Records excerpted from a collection
=== Section Start ===

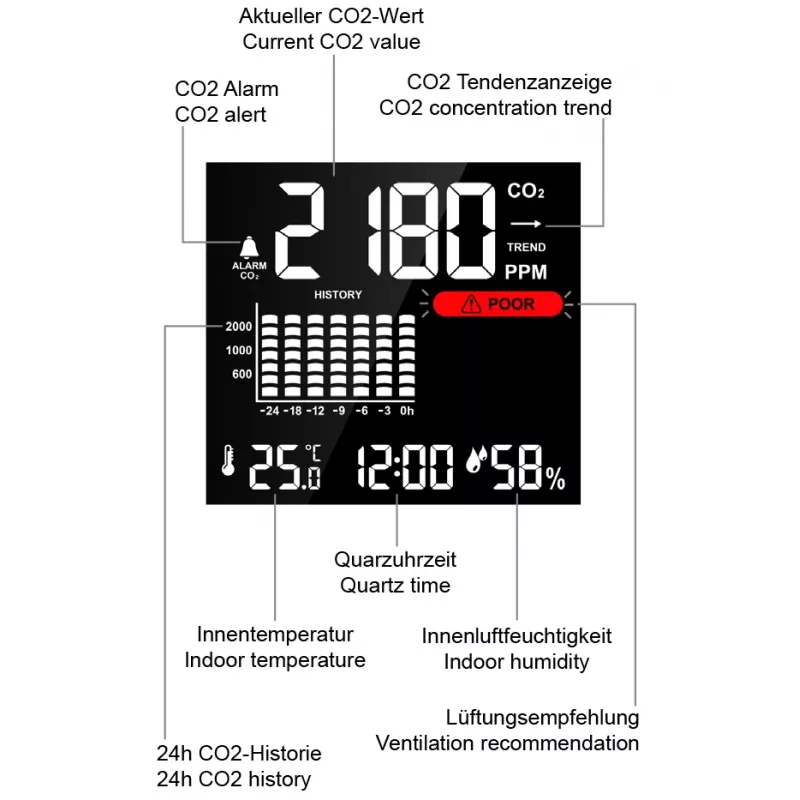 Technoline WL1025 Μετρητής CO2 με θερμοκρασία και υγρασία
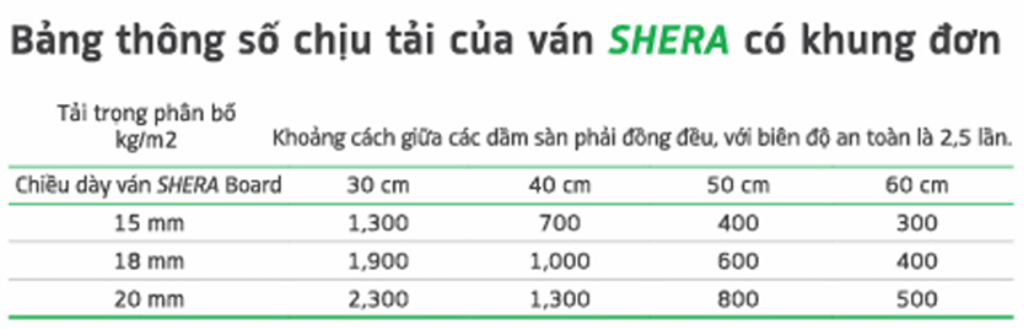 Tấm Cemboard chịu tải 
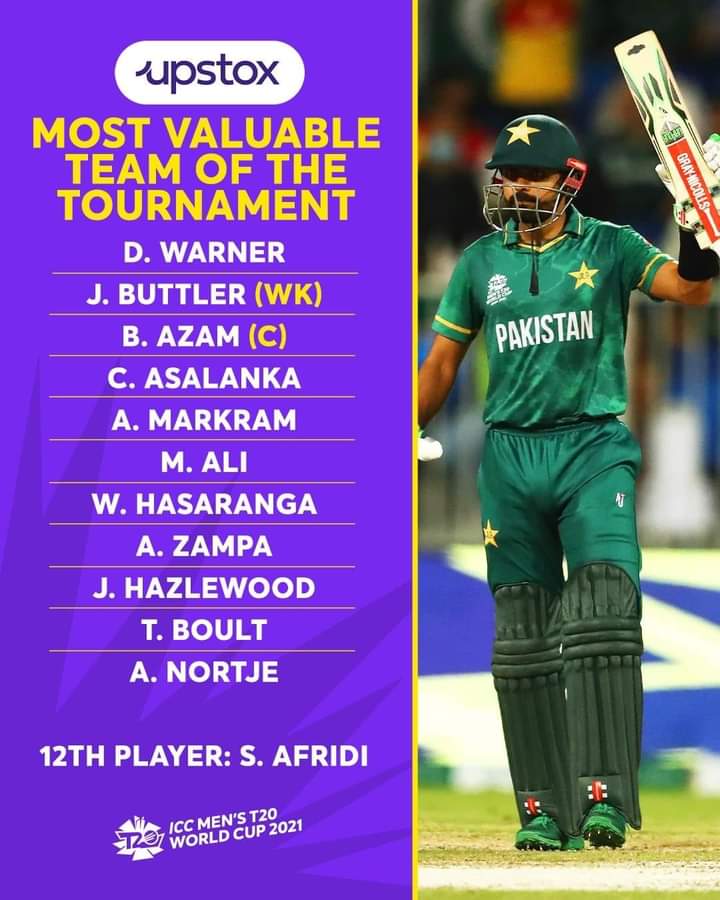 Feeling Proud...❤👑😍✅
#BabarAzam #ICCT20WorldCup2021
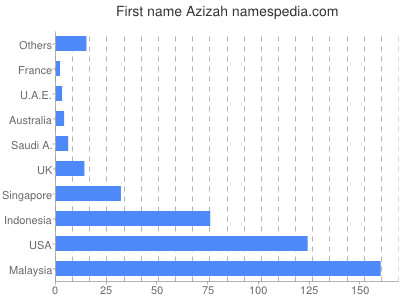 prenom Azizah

=== Section End ===
=== Section Start ===

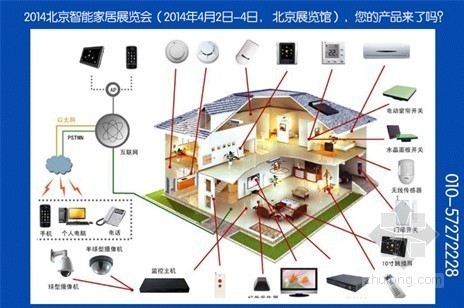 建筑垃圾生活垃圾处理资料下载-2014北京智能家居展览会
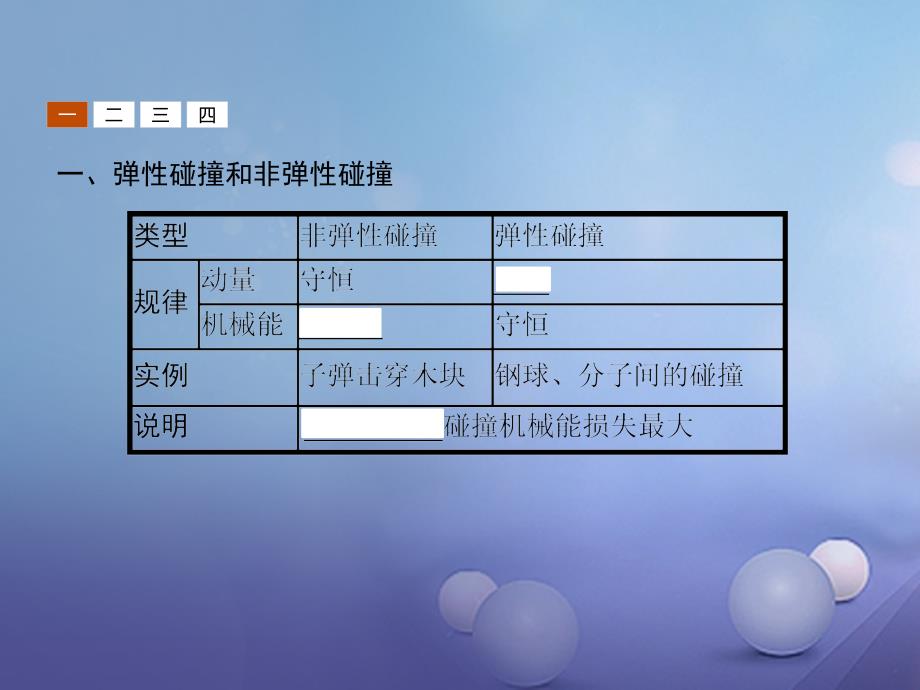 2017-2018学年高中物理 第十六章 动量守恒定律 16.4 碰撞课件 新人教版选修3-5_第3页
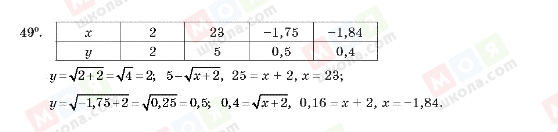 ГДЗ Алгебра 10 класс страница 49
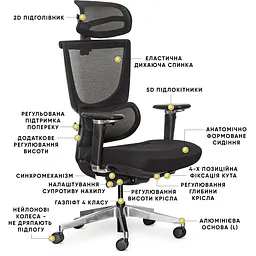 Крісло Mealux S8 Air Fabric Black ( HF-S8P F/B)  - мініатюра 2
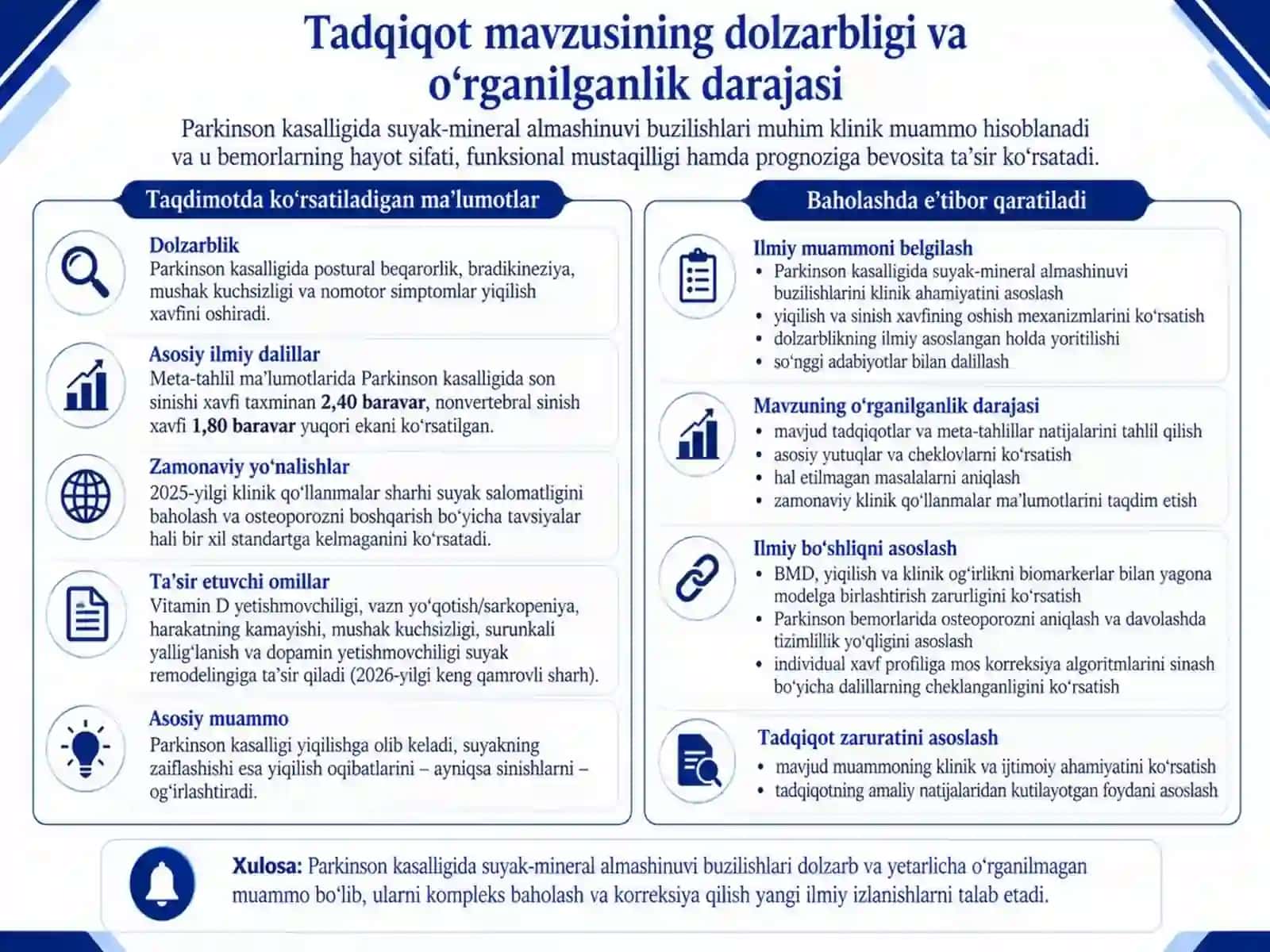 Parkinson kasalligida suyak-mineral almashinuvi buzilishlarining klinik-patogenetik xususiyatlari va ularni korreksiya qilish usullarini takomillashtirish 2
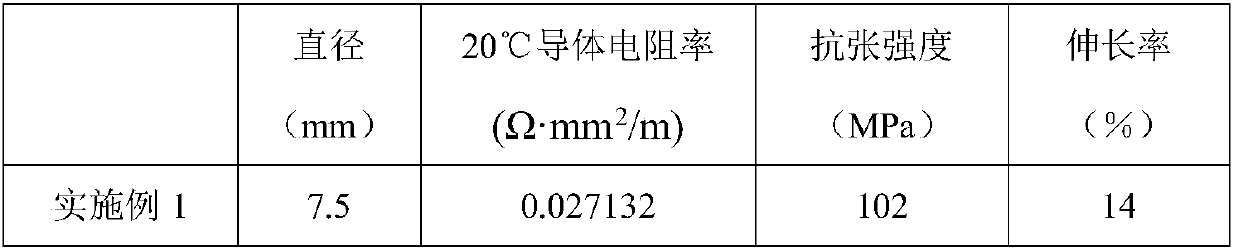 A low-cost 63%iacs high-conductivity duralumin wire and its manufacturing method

=== Section End ===

Each line above starting at the one holding "ГДЗ Алгебра 10 класс страница 49" and ending at the one holding "A low-cost 63%iacs" should be set down exactly as it stands, both ends included, with no pictures.

## Task answer
 ГДЗ Алгебра 10 класс страница 49
 Крісло Mealux S8 Air Fabric Black ( HF-S8P F/B)  - мініатюра 2
 Parkinson kasalligida suyak-mineral almashinuvi buzilishlarining klinik-patogenetik xususiyatlari va ularni korreksiya qilish usullarini takomillashtirish 2
 A low-cost 63%iacs high-conductivity duralumin wire and its manufacturing method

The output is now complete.